Rivoluzioni

In questi giorni su Telepiù danno Brubaker a ripetizione. Brubaker è il più bel film di carcere di tuttitempi (e ce ne sono eccome). Quando alla fine lo sconfitto direttore liberale  Robert Redford con zazzerona d’ordinanza abbandona il carcere di Wakefield riconquistato dalla restaurazione, viene onorato da un improvviso saluto insubordinato e solidale di tutti i detenuti. È lo stesso finale dell’Attimo Fuggente di Peter Weir  tutta la storia è identica -, “O capitano mio capitano”. Quel finale dice: niente sarà più come prima.
Quel finale dice non vi fate ingannare. Si torna a casa, si ripulisce, si rimette tutto in ordine. Come dopo carnevale. Ma qualcosa è successo e niente sarà più come prima. C’è una differenza tra un carnevale e una rivoluzione, scrisse uno, a proposito di Tangentopoli (un carnevale). Rivoluzioni sono quelle in cui le cose dopo sono cambiate malgrado i nemici delle rivoluzioni si illudano che tutto sia tornato al suo posto. Le cose restituite a un’ordine simile al precedente, le posizioni rioccupate da chi le occupava prima. E soprattutto: i rivoluzionari sconfitti. Brubaker sostituito. Meglio ancora, i rivoluzionari piegati, ricondotti all’ordine naturale delle cose. I rivoluzionari che vengono a chiedere, i rivoluzionari che rientrano nel meccanismo che avversarono, i rivoluzionari che rientrano nei ranghi. Che gran soddisfazione. In Italia funziona così ormai da alcuni anni con il Sessantotto, quella cosa con quel nome. Pur di non vederne i frutti vincenti nel mondo e nelle cose che abitano, ci sono persone che a distanza di trent’anni gongolano e ironizzano sui rivoluzionari di ieri entrati nei ranghi di oggi e li chiamano i ranghi di ieri. Oppure c’è solo chi misura i risultati di una rivoluzione su quello che è successo ai suoi sostenitori e alle sue bandiere. Le banali ironie con cui ci si riferisce diffusamente alle memorie del femminismo, gli slogan, gli zoccoli, eccetera, sono un altro esempio della mediocre capacità di lettura delle cose, come se il femminismo fosse stato negli zoccoli. Invece che in tutte le cose  bicchiere mezzo pieno o mezzo vuoto  che quelle ragazze hanno vinto.
E poi c’è stata internet.
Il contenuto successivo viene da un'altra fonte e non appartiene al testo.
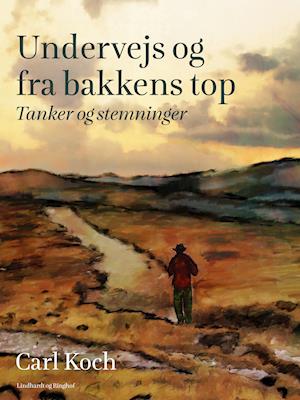 Undervejs og fra bakkens top. Tanker og stemninger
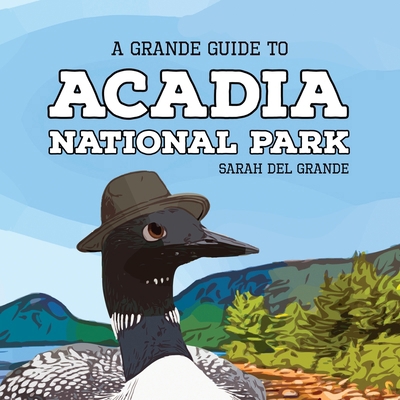 Acadia National Park: A Grande Guide 1959468057 Book Cover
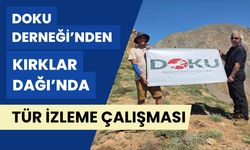 DOKU Derneği’nden Kırklar Dağı’nda Tür İzleme Çalışması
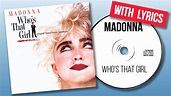 Madonna - Who's That Girl (Lyrics) - YouTube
Si dice che un giorno, di fronte a folle di giovani rampanti della new economy all’arrembaggio dei sistemi consolidati, orde di ragazzi imprenditori che con internet pretendevano di rivoluzionare tutto e abbattere i sistemi economici tradizionali, Eugene Ionesco intervenne in una chat online e annunciò sarcastico: “Sarete tutti notai!”. Ha avuto ragione, gongolano oggi quelli che per tutto il tempo della rivoluzione di internet sono stati seduti sulla riva del fiume ad aspettare i loro cadaveri. Ha avuto ragione, scrivono pavidamente tansfughi dall’enfasi del boom all’enfasi dello sboom. Le dot-com chiudono, gli impiegati tornano negli uffici di sempre, nei negozi del centro, a guidare i furgoni. Sono i Brubaker della rete. Sbolliti gli eccessi e l’enfasi dell’insurrezione, delle barricate degli inserti speciali e delle bandiere, la rivoluzione sedimenta la terra sotto i piedi dei suoi nemici. Internet sta dentro tutto ormai, i ranghi di oggi non sono più gli stessi, non lo sono gli uffici, non lo sono i furgoni. I notai non saranno più gli stessi, e anche Ionesco non si sente tanto bene. I rivoluzionari passano, le rivoluzioni restano.